## TASK DETAILS
Would you restate each entry word for word, omitting the pictures?

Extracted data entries
-=-=-=-=-
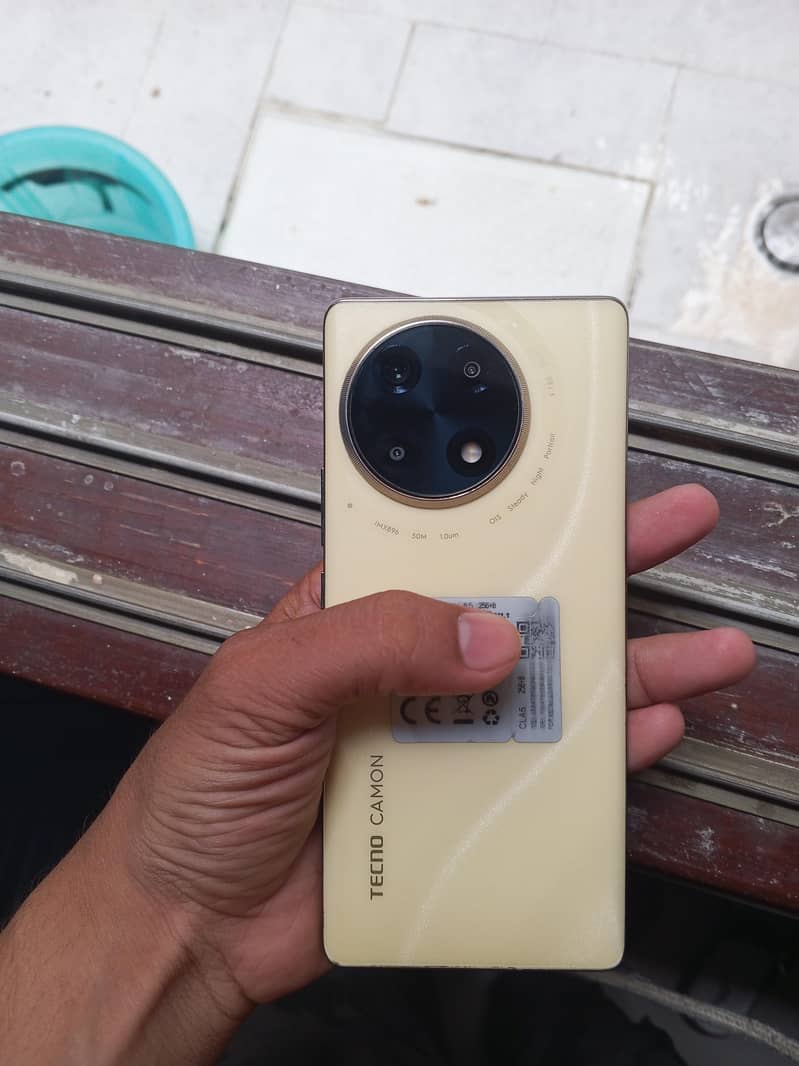 Tecno CAMON 30S 1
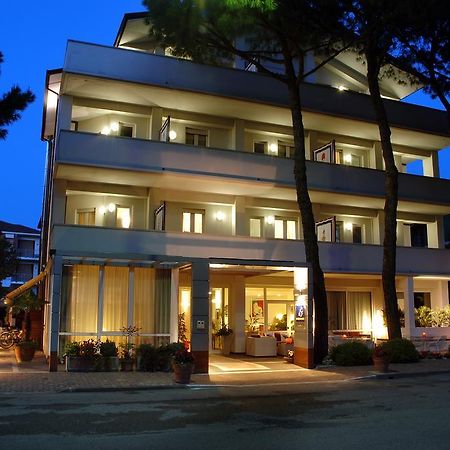 Hotel Eros Residence Cervia Bagian luar foto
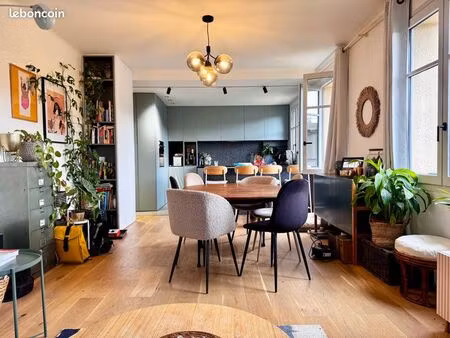 appartement t3 tassin horloge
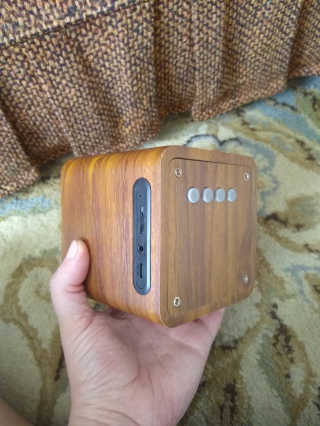 SEVIZ MINI10W 레트로 블루투스 스피커 — 5점을 준 리뷰어가 2020년 10월 올린 사용 사진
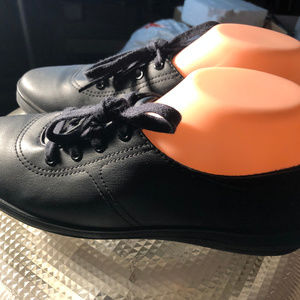 Cabincreek Women's Black Leather Shoes Size 8.5M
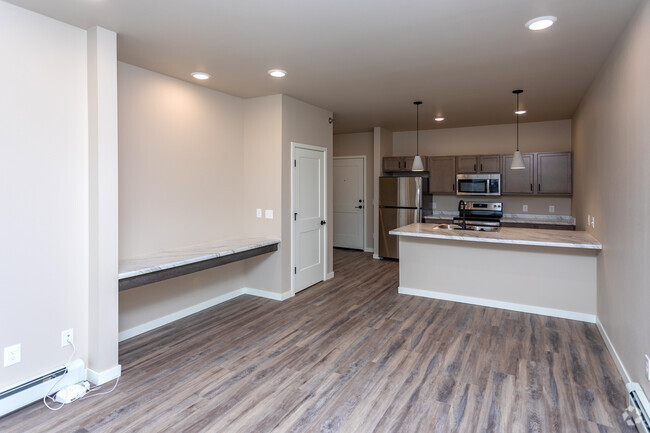 1BR, 1BA - 660SF - The Plains Apartments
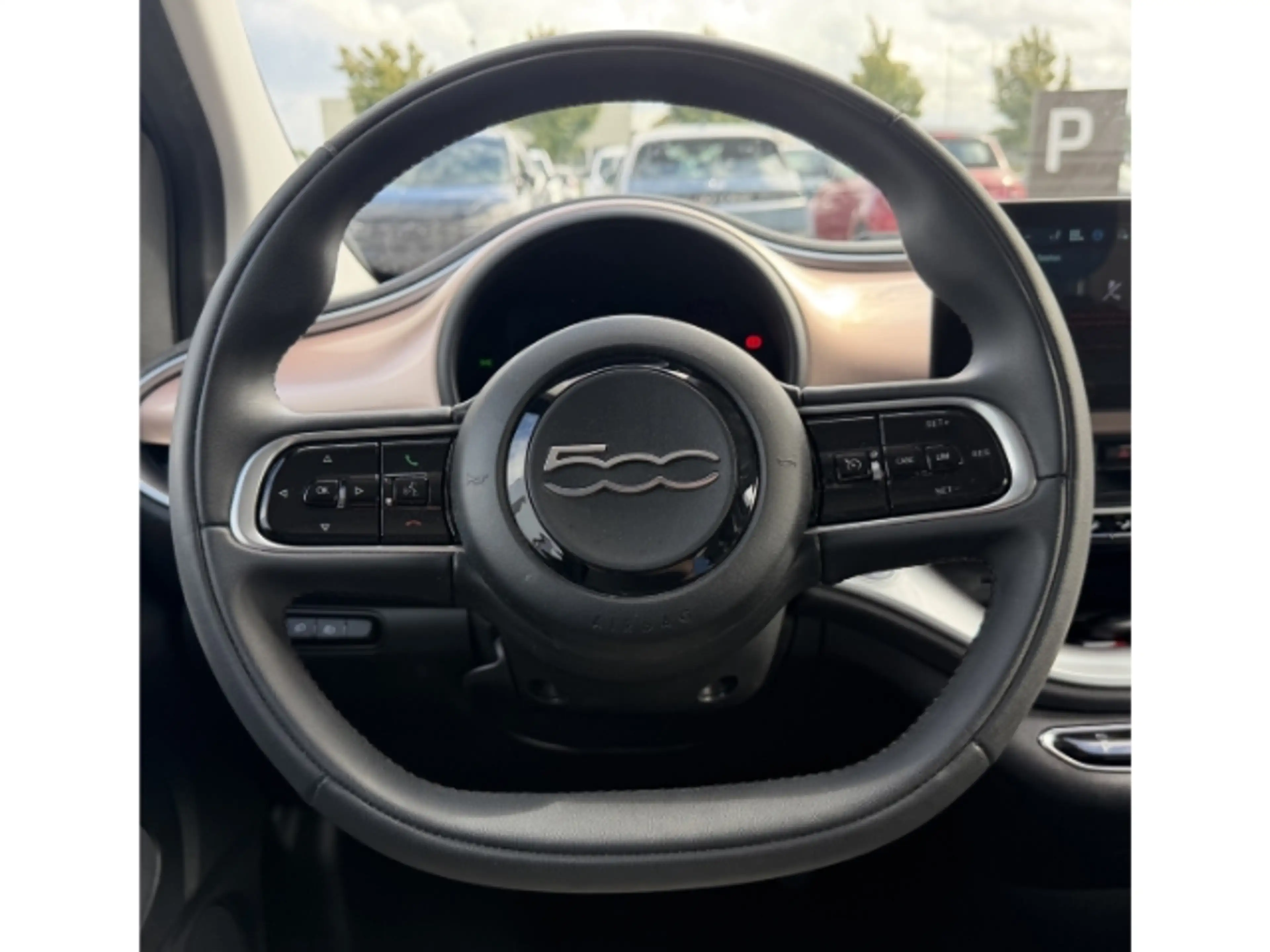 Fiat 500 e Icon *Sitzheizung *Apple Car Play *Tempomat — photo 14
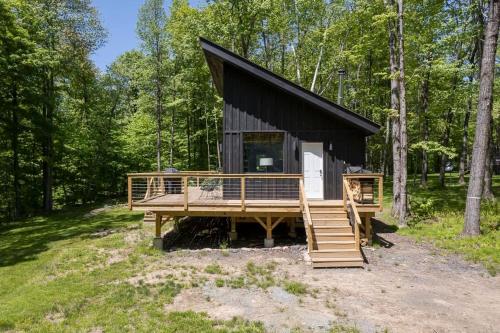 Lexie by Summer - Modern Rustic Tiny Home in Roscoe, USA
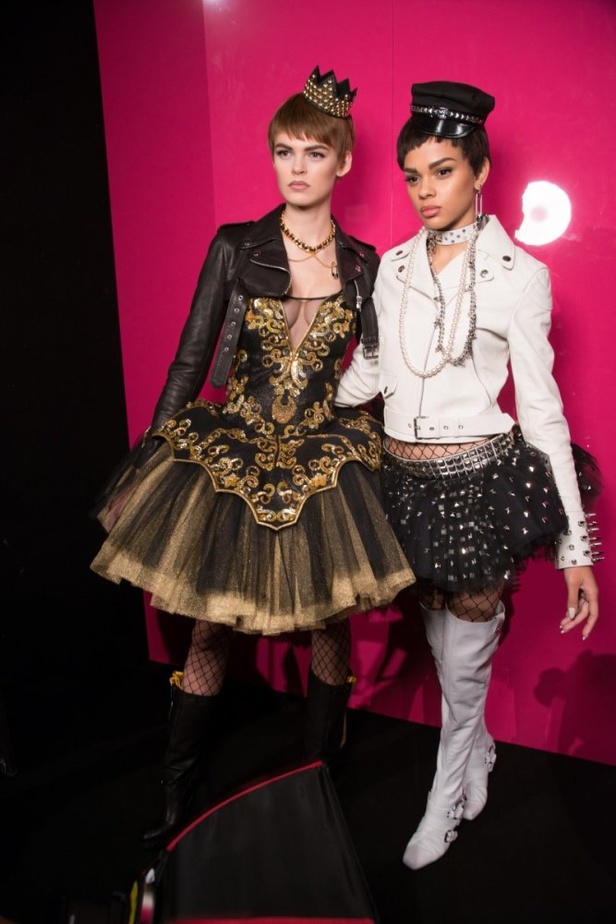 مجموعة Moschino لربيع وصيف 2018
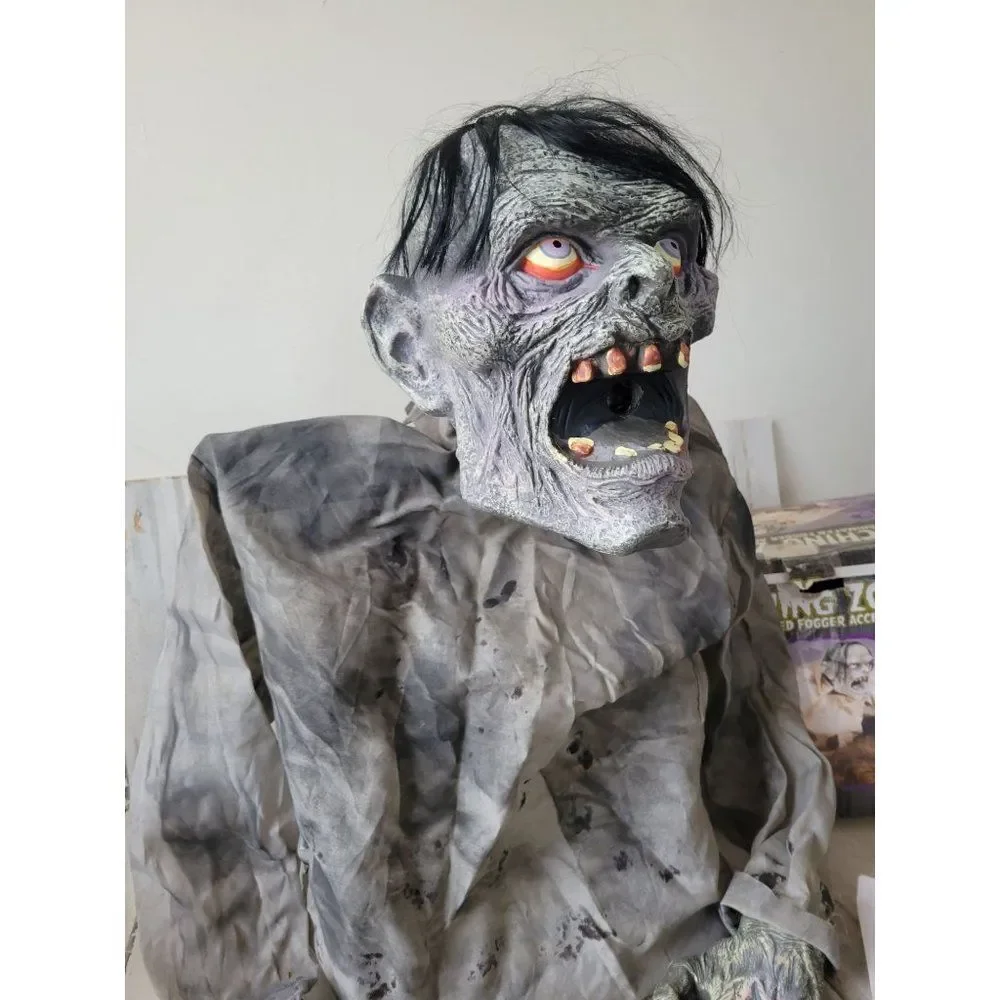 Seasonal belching zombie fogger animated Halloween prop‎ groundbreaker decor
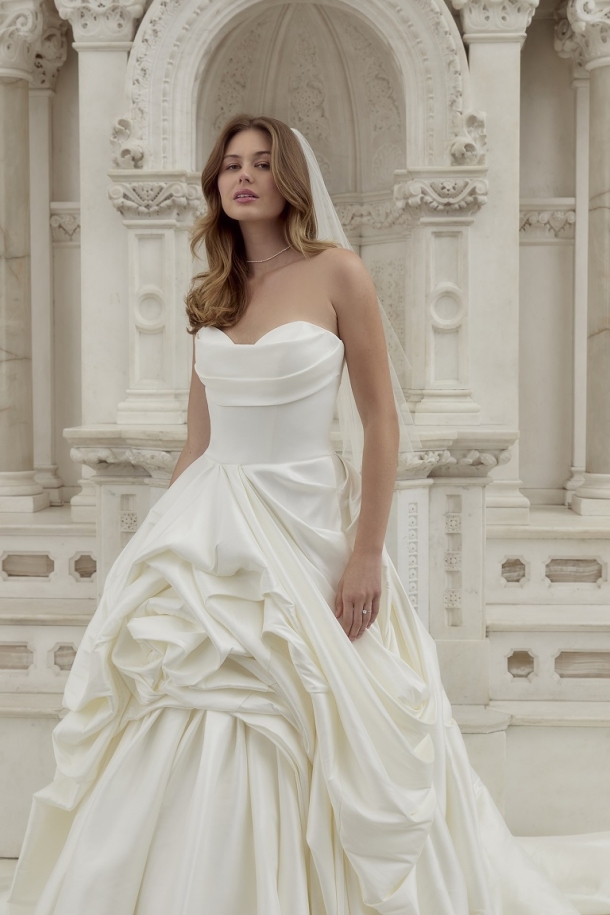 Casablanca Bridal 2589 close 2.jpg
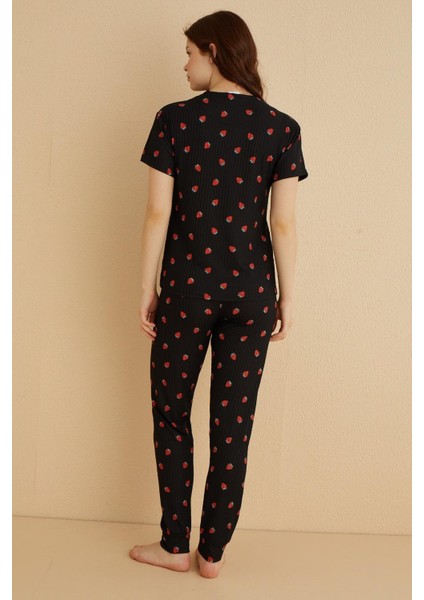 Dreamy Ipeksi Kaşkorse Çilek Desenli Kısa Kollu Pijama Takımı fırsatları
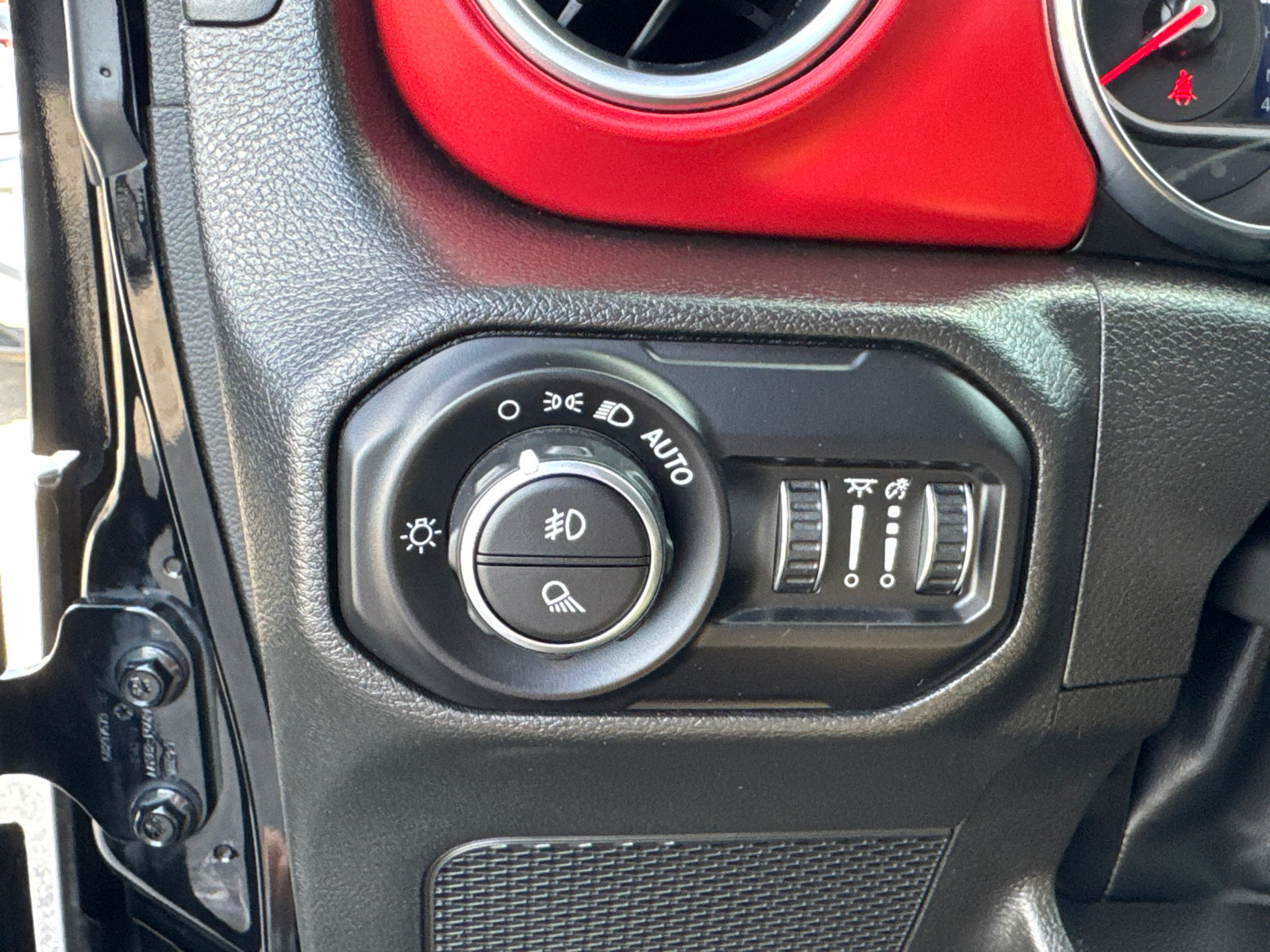 Used 2022 Jeep Gladiator Rubicon w/ Cold Weather Group AWD/4WD image 17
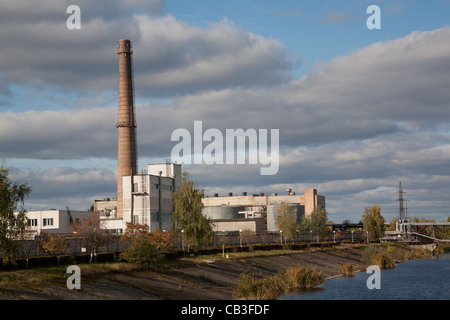 La Pripyat ou Prypiat Rivière avec la centrale nucléaire de Tchernobyl en Ukraine Tchernobyl l'arrière-plan Banque D'Images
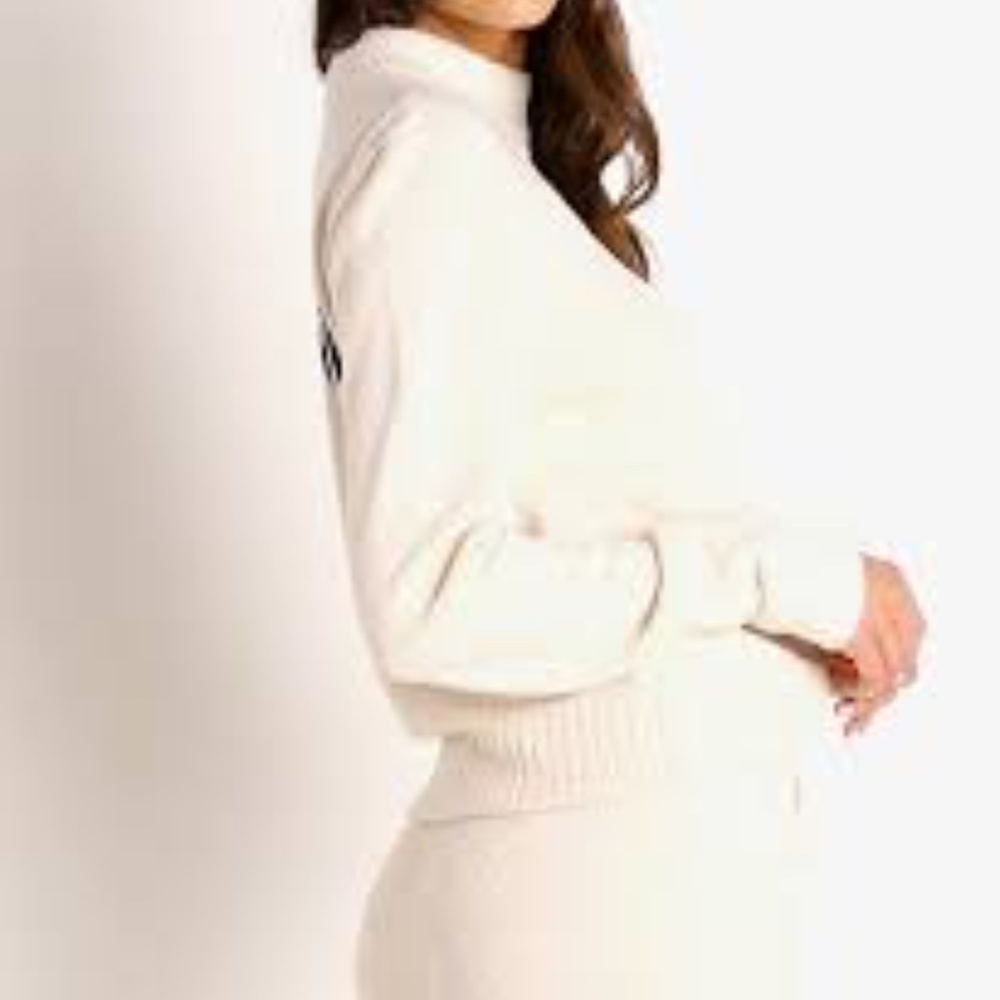 NWT SWEET & SINFUL CREAM KNIT CABLE SWEATER
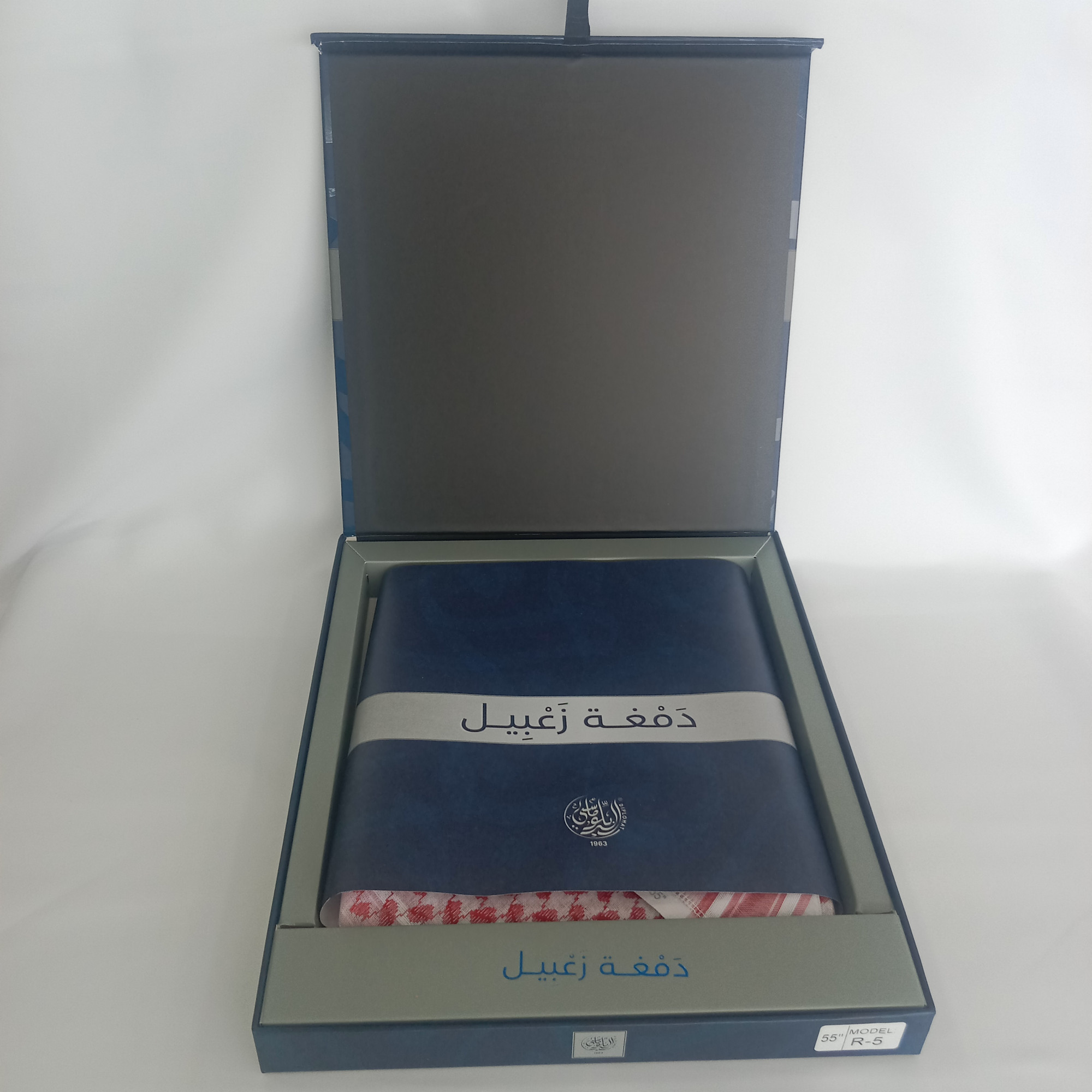    100          52  55  SHIMAG RED DIPLOMAT ZABEEL SIZE 52  55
-=-=-=-=-
## WRITTEN RESPONSE
 Tecno CAMON 30S 1
 Hotel Eros Residence Cervia Bagian luar foto
 appartement t3 tassin horloge
 SEVIZ MINI10W 레트로 블루투스 스피커 — 5점을 준 리뷰어가 2020년 10월 올린 사용 사진
 Cabincreek Women's Black Leather Shoes Size 8.5M
 1BR, 1BA - 660SF - The Plains Apartments
 Fiat 500 e Icon *Sitzheizung *Apple Car Play *Tempomat — photo 14
 Lexie by Summer - Modern Rustic Tiny Home in Roscoe, USA
 مجموعة Moschino لربيع وصيف 2018
 Seasonal belching zombie fogger animated Halloween prop‎ groundbreaker decor
 Casablanca Bridal 2589 close 2.jpg
 Dreamy Ipeksi Kaşkorse Çilek Desenli Kısa Kollu Pijama Takımı fırsatları
 Used 2022 Jeep Gladiator Rubicon w/ Cold Weather Group AWD/4WD image 17
 La Pripyat ou Prypiat Rivière avec la centrale nucléaire de Tchernobyl en Ukraine Tchernobyl l'arrière-plan Banque D'Images
 NWT SWEET & SINFUL CREAM KNIT CABLE SWEATER
    100          52  55  SHIMAG RED DIPLOMAT ZABEEL SIZE 52  55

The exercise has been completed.